We believe that the UN’s role as a global privacy champion will grow in the digital world. And as part of this evolving role, it will be important to continue ensuring that no country or society is left behind. Much like the traditional notion of privacy established by the UN in 1948, data privacy must be a common standard of achievement for all people and all nations.
Privacy from within
With respect to the Organization’s internal operations, some notable progress has been made to advance data privacy work. For example, in 2018, the same year that GDPR came into effect, the UN High Level Committee on Management (HLCM) published Personal Data Protection and Privacy Principles for the entire UN system. These principles were designed to inform how to process personal data, defined as “information relating to an identified or identifiable natural person (“data subject”), by, or on behalf of, the United Nations System Organizations in carrying out their mandated activities”.
Currently, entities across the UN system are working on developing policies and programmes that can integrate the 2018 HLCM principles into their operations.

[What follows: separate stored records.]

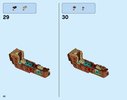 Instrucciones de Construcción - LEGO - 21313 - Ship in a Bottle: Page 22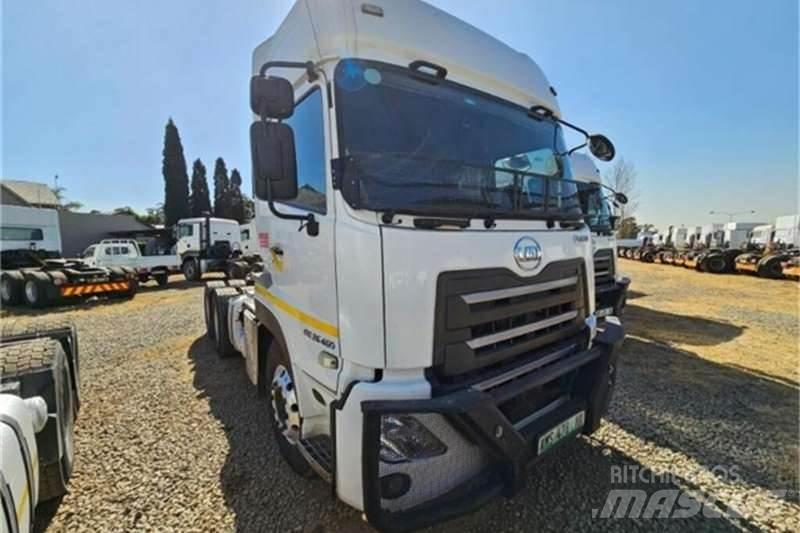 UD TRUCKS QUON Anders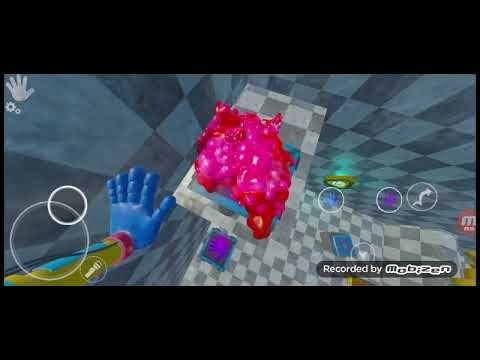 New update! Poppy playtime 0 mobile gameplay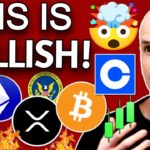 🚨COINBASE LISTED ON S&P500! NYC MAYOR TALKS CRYPTO & SEC TOKENIZATION!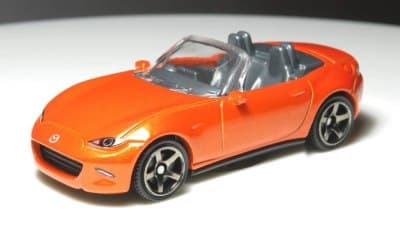 Mazda MX-5 Miata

And to further strengthen the Organization’s commitment to data privacy internally, the Secretary General’s new Data Strategy has called for the integration of data protection and privacy into all current and future data-related work across the UN.
Thoughts on next steps
Regarding the application of data privacy measures within an organization, we would like to share three thoughts.
First, we believe that regulations associated with data privacy in an organization’s internal operations must include – from the very start - a multidisciplinary approach that includes diverse professionals from a variety of backgrounds including law, policy, computer science, and management.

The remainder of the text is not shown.